Computational Thinking

Within this framework of digital literacy skills, coding would be situated between workforce and professional skills, relative to specific tasks. However, there is a risk that an exclusive focus coding could end up missing the bigger picture. After all, does anyone remember when experts called for mandatory lessons on coding, in the now seldom used language LOGO, in the 1970s? While the importance of coding does lie in the ability to actively participate in creating and using technological tools, it also belies a broader mindset that is critical to the conversation: computational thinking.
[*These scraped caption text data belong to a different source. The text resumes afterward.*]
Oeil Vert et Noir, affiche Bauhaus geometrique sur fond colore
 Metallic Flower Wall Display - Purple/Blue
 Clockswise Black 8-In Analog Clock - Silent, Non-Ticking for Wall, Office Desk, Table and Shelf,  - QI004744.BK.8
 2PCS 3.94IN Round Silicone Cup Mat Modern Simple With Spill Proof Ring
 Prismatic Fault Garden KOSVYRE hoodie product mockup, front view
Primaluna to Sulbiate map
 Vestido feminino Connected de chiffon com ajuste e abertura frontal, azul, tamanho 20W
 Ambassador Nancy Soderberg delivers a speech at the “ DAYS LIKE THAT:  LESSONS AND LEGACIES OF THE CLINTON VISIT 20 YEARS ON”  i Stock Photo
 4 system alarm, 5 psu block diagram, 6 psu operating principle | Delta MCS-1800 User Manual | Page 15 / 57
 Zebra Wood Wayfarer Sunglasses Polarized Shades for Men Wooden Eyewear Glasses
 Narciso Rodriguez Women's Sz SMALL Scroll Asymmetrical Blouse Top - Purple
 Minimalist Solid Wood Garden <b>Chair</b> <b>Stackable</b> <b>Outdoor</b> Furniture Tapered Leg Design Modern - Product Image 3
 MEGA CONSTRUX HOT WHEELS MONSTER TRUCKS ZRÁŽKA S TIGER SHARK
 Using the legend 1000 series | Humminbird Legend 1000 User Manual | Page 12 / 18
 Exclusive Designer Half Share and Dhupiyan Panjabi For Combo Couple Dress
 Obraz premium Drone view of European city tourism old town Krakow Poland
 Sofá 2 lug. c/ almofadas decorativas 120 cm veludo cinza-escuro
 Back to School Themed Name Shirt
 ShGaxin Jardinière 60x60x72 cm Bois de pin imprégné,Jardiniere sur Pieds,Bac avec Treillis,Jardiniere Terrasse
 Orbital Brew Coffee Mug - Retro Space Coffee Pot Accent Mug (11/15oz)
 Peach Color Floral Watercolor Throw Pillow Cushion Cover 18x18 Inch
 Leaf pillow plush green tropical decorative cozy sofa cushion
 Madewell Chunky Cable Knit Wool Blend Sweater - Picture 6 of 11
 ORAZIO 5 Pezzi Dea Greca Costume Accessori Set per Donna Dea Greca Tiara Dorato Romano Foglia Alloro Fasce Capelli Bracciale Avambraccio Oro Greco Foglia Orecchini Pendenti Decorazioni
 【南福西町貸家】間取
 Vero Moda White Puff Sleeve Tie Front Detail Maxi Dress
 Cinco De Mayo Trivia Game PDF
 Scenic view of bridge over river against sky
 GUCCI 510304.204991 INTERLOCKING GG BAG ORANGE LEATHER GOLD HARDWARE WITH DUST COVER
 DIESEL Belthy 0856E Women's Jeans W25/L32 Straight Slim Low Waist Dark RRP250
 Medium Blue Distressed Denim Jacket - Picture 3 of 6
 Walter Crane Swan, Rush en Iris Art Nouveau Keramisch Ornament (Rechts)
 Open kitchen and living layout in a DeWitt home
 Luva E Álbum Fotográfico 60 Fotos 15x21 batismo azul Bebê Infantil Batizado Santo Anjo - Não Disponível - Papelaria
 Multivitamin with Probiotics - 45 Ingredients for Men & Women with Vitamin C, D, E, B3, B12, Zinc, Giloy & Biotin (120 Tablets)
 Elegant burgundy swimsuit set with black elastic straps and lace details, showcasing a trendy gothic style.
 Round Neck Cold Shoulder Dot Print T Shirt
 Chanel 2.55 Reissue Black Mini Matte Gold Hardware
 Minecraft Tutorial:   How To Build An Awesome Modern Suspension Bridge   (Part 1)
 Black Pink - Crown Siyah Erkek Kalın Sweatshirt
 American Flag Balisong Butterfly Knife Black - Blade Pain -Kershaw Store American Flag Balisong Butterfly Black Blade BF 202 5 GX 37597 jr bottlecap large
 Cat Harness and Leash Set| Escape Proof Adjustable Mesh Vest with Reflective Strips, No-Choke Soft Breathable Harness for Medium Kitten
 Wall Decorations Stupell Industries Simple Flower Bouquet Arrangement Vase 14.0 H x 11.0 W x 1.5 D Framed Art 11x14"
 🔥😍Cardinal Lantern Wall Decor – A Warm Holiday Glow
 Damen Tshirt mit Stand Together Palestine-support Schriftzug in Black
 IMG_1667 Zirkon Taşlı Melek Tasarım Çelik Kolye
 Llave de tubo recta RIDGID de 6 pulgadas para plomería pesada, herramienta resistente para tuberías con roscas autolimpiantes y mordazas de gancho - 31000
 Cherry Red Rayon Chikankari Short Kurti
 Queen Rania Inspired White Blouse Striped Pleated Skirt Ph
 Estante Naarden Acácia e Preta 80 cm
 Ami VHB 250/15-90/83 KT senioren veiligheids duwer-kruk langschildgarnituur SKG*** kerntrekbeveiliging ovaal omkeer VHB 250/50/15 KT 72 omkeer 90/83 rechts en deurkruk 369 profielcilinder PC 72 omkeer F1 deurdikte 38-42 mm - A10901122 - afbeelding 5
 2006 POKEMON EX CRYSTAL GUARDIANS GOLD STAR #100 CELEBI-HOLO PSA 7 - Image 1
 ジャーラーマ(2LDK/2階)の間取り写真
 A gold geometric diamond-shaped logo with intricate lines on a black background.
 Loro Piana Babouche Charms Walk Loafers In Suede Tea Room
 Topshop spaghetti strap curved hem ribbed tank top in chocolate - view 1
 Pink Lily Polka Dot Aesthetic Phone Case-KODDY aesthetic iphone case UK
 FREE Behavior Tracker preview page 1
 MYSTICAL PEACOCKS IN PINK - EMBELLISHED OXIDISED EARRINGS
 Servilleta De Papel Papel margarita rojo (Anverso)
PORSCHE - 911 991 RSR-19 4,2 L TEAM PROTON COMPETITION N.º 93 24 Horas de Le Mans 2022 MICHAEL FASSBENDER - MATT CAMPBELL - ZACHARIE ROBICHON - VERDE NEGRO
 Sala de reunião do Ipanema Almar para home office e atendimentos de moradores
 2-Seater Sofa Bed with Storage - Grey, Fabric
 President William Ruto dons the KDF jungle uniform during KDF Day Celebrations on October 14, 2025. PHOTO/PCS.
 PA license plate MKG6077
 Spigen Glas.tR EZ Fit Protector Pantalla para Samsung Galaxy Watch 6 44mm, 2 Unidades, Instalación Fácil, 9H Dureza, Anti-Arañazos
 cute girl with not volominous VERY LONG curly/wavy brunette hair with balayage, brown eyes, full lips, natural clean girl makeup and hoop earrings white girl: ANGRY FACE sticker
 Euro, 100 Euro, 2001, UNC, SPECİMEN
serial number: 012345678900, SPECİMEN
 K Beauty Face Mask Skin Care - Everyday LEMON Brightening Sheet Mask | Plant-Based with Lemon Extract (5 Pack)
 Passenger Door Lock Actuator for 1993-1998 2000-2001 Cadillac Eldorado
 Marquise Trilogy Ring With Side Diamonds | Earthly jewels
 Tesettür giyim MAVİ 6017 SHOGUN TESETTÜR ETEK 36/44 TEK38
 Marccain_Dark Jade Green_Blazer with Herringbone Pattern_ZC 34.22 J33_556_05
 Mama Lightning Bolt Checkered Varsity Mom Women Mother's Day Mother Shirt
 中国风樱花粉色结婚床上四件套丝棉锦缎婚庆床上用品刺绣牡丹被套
“A way that humans, not computers, think. Computational thinking is a way humans solve problems; it is not trying to get humans to think like computers. Computers are dull and boring; humans are clever and imaginative. “
Jeannette Wing, Corporate Vice President, Microsoft Research

This is a problem-solving mindset that draws on computer science-centred concepts including abstraction, algorithms, decomposition, and pattern recognition. But computational thinking is broader than just digital -– while a number of coding languages can be used to teach this mindset, it can also be learned and practiced without technological tools. This can be demonstrated through unplugged activities like knitting that draw on computational thinking concepts. We have looked to places like Finland to see this in action. Computational thinking undergirds many elements of coding and digital literacy, and as such must be a part of the conversation.

Solving 21st-Century Problems

Digital literacy fits within a broader basket of skill sets that may be needed to thrive in the 21st century. After all, as our recent report Future-proof: Preparing young Canadians for the future of work indicates, it is those who possess a broad suite of technical skills and soft skills that are best positioned to succeed as the nature of work changes. Skills such as communication, entrepreneurial thinking, creativity, and collaboration will be needed as technology reshapes jobs across sectors – decreasing demand for some skills, while increasing the value of those that complement technology. And they will be needed in both technical and non-technical environments – any software developer can appreciate soft skills when it comes to well-written software documentation on Github, or working in teams to design new products. These tasks are not just about working with digital technologies – they are also about translating ideas, working with people, and being able to adapt to new problems and situations.

We need to understand the digital skills required by a quickly changing labour market so that we can get moving on making sure that both youth and older workers, from across communities and demographic groups, have them. If the world is going digital, then we need to involve as many people as possible in this transition.

The Brookfield Institute for Innovation + Entrepreneurship is aiming to understand the state of digital literacy in Canada. To this end, we are conducting research to map the Canadian digital literacy policy and program landscapes, the digital skills that are in demand in the Canadian labour market, and the extent to which talent supply is meeting demand.